The rows represent length of odontoblasts (cells responsible for tooth growth) in 60 guinea pigs.
Question 2
What do the columns of this dataset represent? Indicate whether each variable in the study is numerical or categorical. If numerical, identify as continuous or discrete. If categorical, indicate if the variable is ordinal.
There are three variables: length, supplement, and dose. Length is a continuous numeric. Supplement is categorical and nominal. Dose is numeric and discrete.
Question 3
What are the response and explanatory variables in this study?
The repsonse is the length of the teeth on the guinea pigs. The explanatory variables are the type of supplement and dose.
Question 4
Create a hypothesis about supplement treatment and dosage levels, without first looking at the data.

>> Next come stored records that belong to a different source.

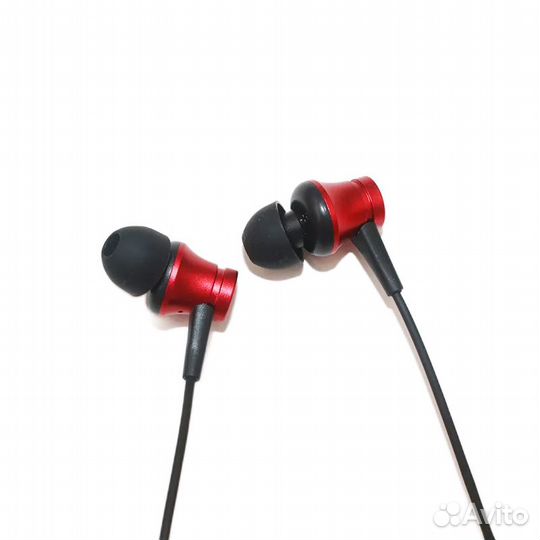 Наушники Xiaomi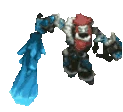 TrundleDance emoji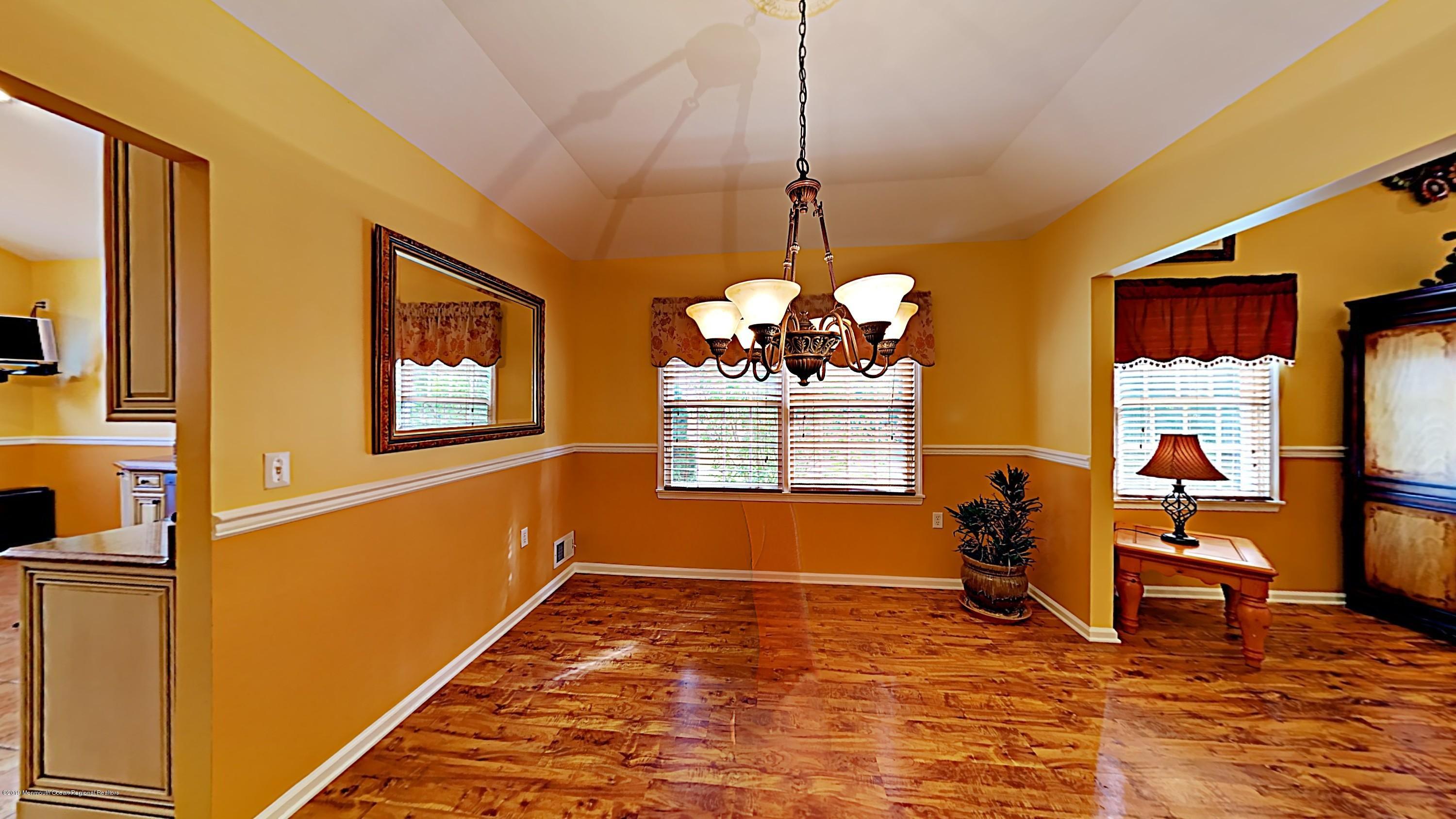 16 Rye Court Jackson, NJ 08527 - Photo 7 of 30 16_Image_ac3CFgzWDb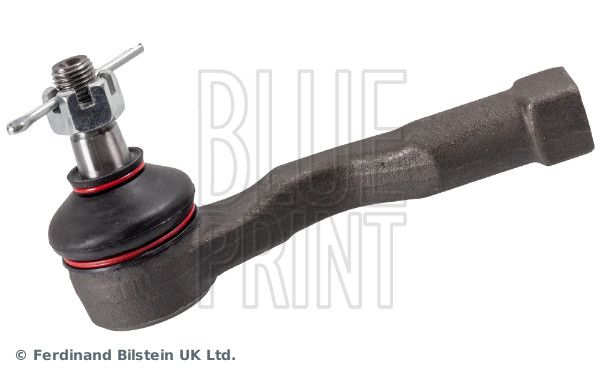 Tie Rod End KIA 0K552-32-240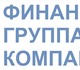 Скачать фото Ипотека и кредиты Ищу партнера в ипотечный бизнес 3495018 в Москве Фото в Недвижимость Ипотека и кредиты В уже действующий и работающий бизнес ищу в Москве 0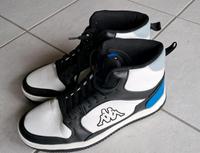 Kappa Turnschuhe, Größe 40, Jungen Hessen - Groß-Umstadt Vorschau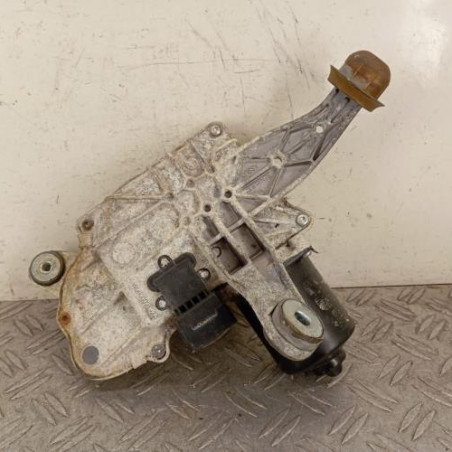 Moteur essuie glace avant gauche RENAULT GRAND SCENIC 3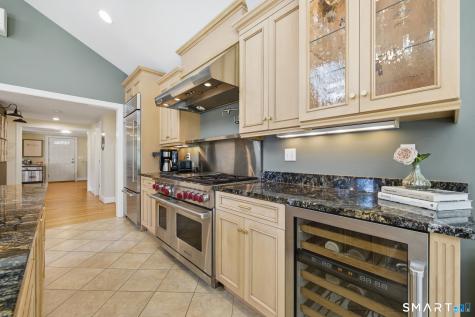 391 Route 87 Columbia CT 06237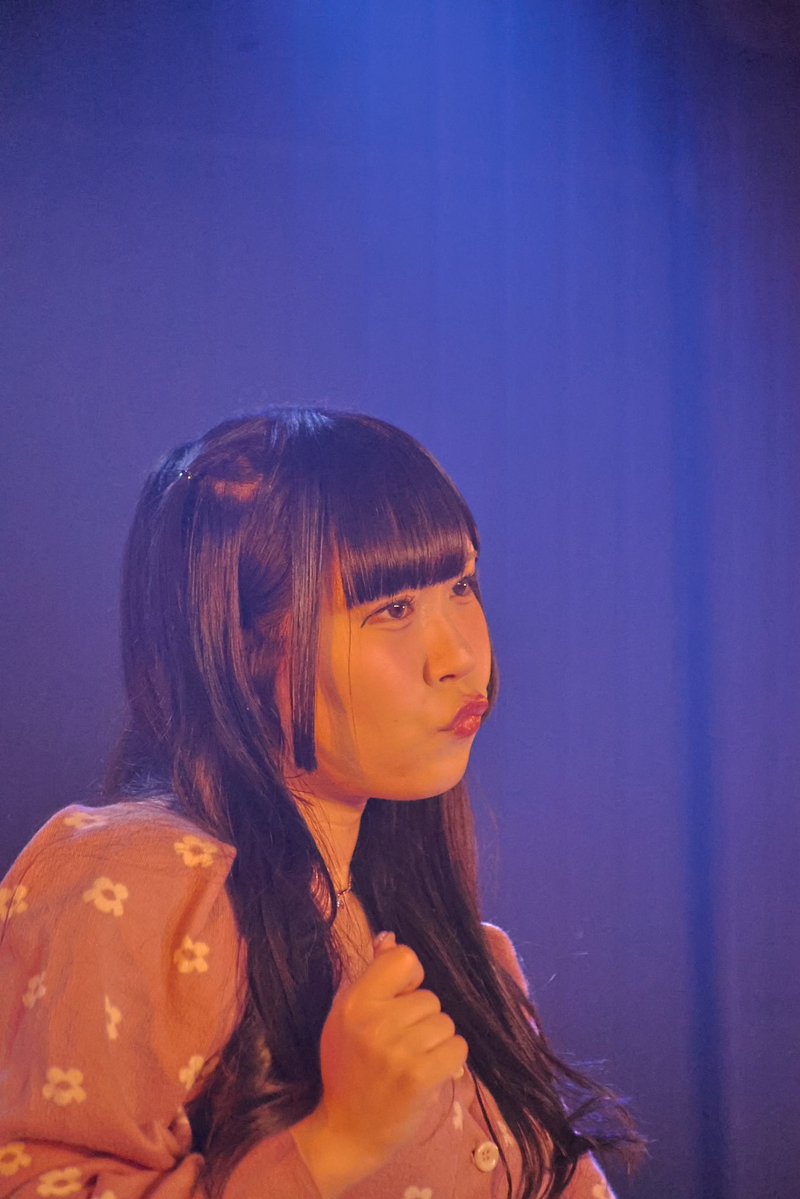 シャイロック tweet media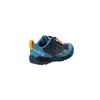 Buty Jack Wolfskin Villi Action Low 40568511274 Podgląd zdjęcia produktu 4
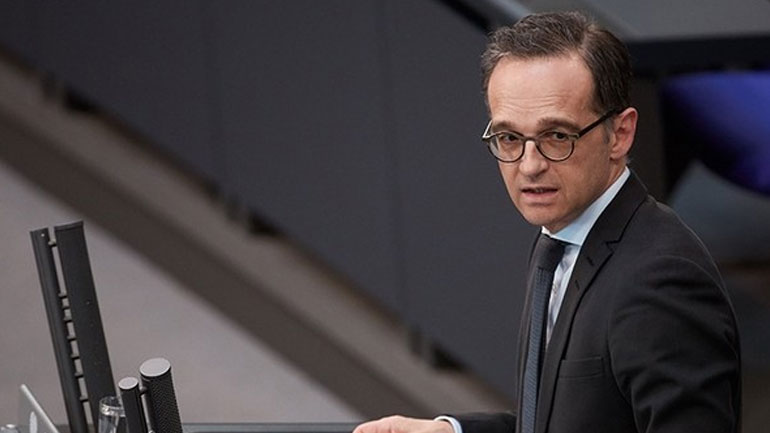 Γερμανία: Οι προεκλογικές συγκεντρώσεις Τούρκων υποψηφίων νέα αφορμή για ένταση στις διμερείς σχέσεις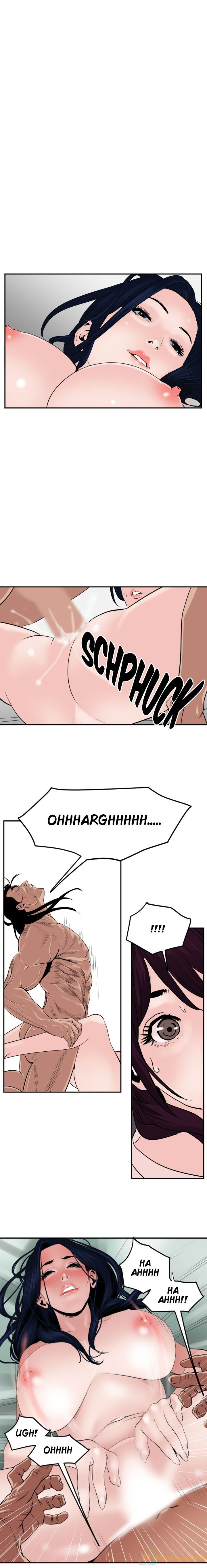 image-komik-lightning-rod-chapter-15-3/19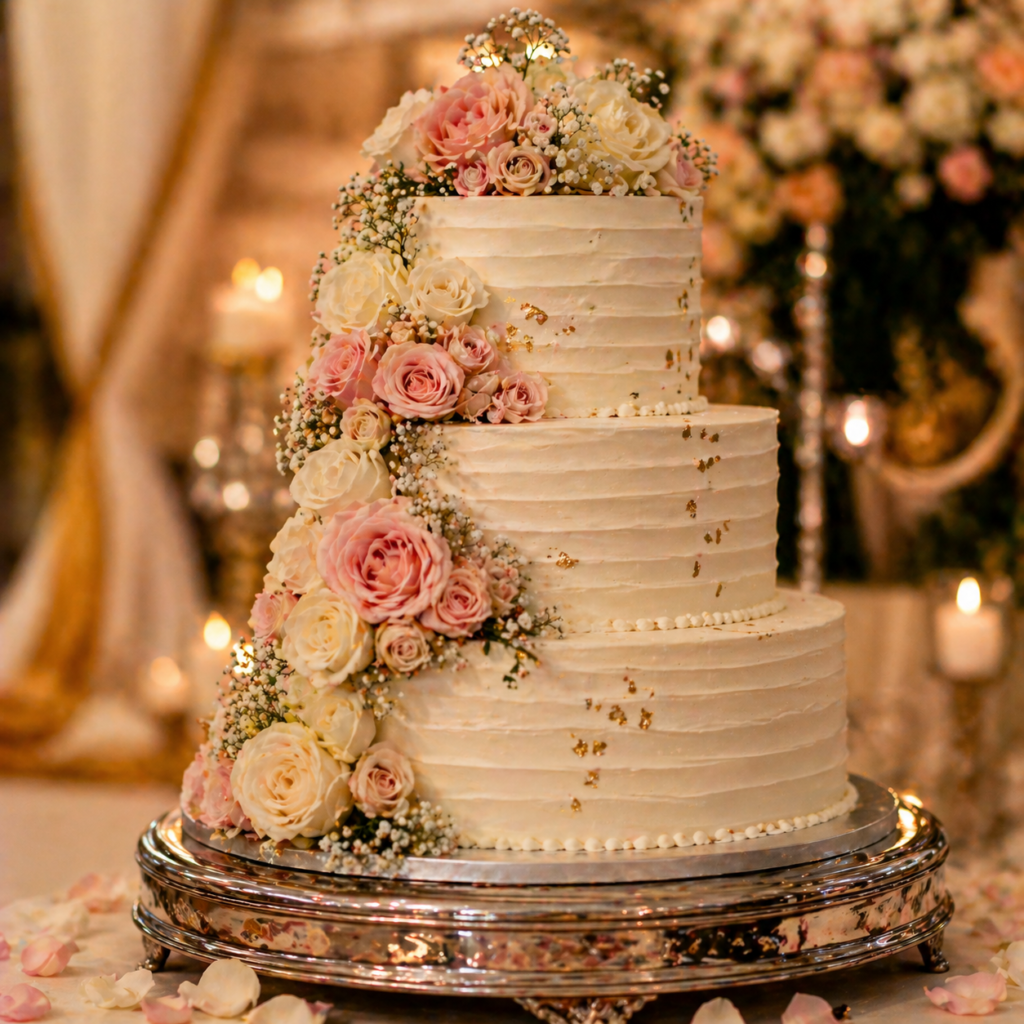 Homepage Heading Cakes 2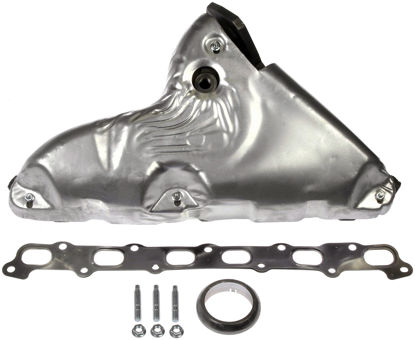 Picture of 674-777 Exhaust Manifold  By DORMAN OE SOLUTIONS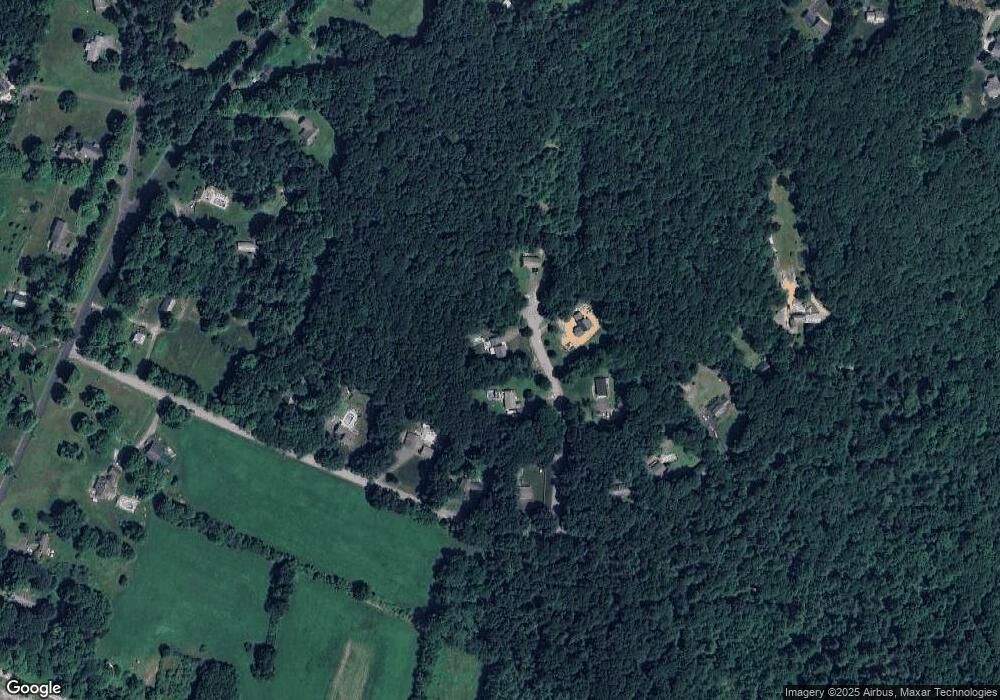 4 Oakridge Dr W, Stafford Springs, CT 06076 - photo 1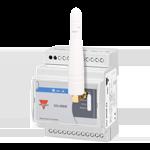 CARLO GAVAZZI SIU-MBM-02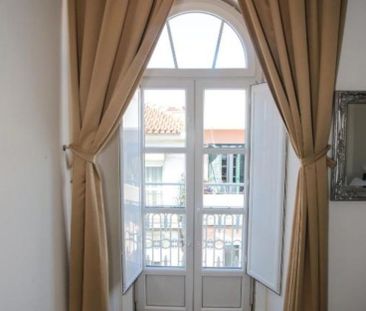 Rua Frederico Arouca 293 - Photo 2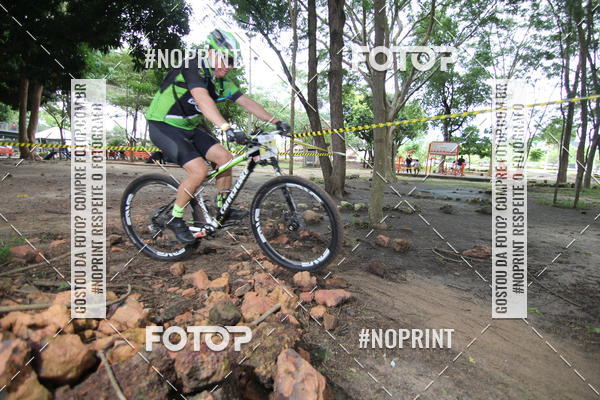 Buy your photos of the eventSHORT TRACK  2019 on Fotop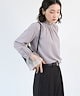 ライトパープル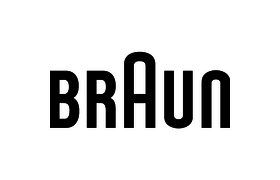 Braun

I predict that there is a positive relationship between length and dosage level and that VC will be more effective than orange juice.
Question 5
Use ggplot to create a side-by-side boxplot, which illustrates the distribution of each supplement treatment and allows for both visual comparison across and within treatments. (Feel free to also use color!)
ggplot(ToothGrowth, aes(x=supp, y=len, fill=supp)) +
geom_boxplot() +
ggtitle("Distribution of Tooth Growth and Supplement") +
ylab("Tooth Length") +
xlab("Supplement")
Question 6
Now add facets to your data to compare across dosage as well.
ggplot(ToothGrowth, aes(x=supp, y=len, fill=supp)) +
geom_boxplot() +
ggtitle("Distribution of Tooth Growth and Supplement") +
ylab("Tooth Length") +
xlab("Supplement") +
facet_grid(~dose)
Question 7
Describe any possible trends in these data. Explain in the context of this study.
There is a positive, linear relationship between tooth length and dosage. The spread of OJ supplement becomes narrow as dosage increases. VC with a 2 mg/day results in a narrower distribution. As we increase spread, there is an increase in outliers for both supplements.
Question 8
Did you see anything surprising? Does your hypothesis appear to be supported? Note that this is not a formal hypothesis test but rather an exploration.
My hypothesis about dosage was correct but I was suprised that at almost every dosage, orange juice out performed pure VC.